My notes on Renfield: The Un-Dead (2010)
The frame story of this Renfield-centered do-over of Dracula positions what we’re watching as a Creepshow-type comic book – though writer-producer-makeup effects artist-star Phil Nichols first wrote it as a stage play. In modern day Bayou City, which owes a little to Sin City (though the greenscreen backdrops are less stylised), bloody-mawed Rothschild Nathaniel Renfield (Nichols), who looks like Uncle Fester in a black trenchcoat, is feuding with undead Mina Harker (Roxy Cook) and her half-vampire son Quincey (Tyler Tackett) while apparently Welsh cop Cranston (Paul Damon) and coroner Bonnie Johnson (Keli Wolfe) delve into a series of vampire murders. Bonnie gets bitten and Renfield gives her a run-down of this version of the backstory, which owes as much to the 1931 film and Nosferatu as Bram Stoker. Here, as in the Universal film, it’s Renfield not Harker who journeys to Transylvania and, as in Nosferatu, the estate agent’s boss (Joe Grisaffi) is an agent of Dracula (in Nosferatu, he’s the Renfield figure).

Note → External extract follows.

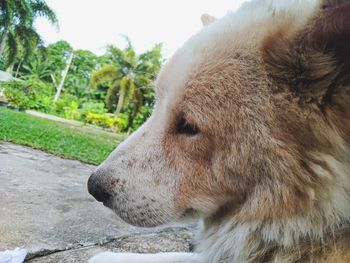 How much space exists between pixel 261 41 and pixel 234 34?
0.53 feet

At Castle Dracula, Renfield is bitten/enslaved – and, after a hurried precis of the rest of Stoker’s story, he ends up with Dracula’s skull, which other vampires want to get hold of so the master can be resurrected. The film runs on and on (111mins) and consists mostly of snarly speechifying and scrappy action, with plentiful bitten out hunks of red flesh – but that gets rather monotonous. The tone is somewhere between in-jokiness and serious revisionism, and few of the enthusiastic cast know what to do with what they’re given. However, it features perhaps the gnarliest fangs in the cinema and, rubbery though they may be, the vampire effects are well-conceived and executed.
Nichols does Dwight Frye’s whiny laugh, and gives Renfield a bit of a backstory involving a daughter killed by Dracula (offscreen) as payback for one of many betrayals. John Stevens may not be the best screen Dracula, but he’s one of the most startling apparitions – with some Max Schreck features, furry cheeks, talons and that godawful maw full of teeth … and he transforms into fangface creatures that are, if anything, even more ghastly to look at. The end credits promise Renfield II: Lucy the Un-Dead, but that doesn’t seem to have come along. With Andrew Adams as Jonathan Harker, K.R. Kretz as Van Helsing and Alison Phillips as Lucy Westenra. Directed by Bob Willems.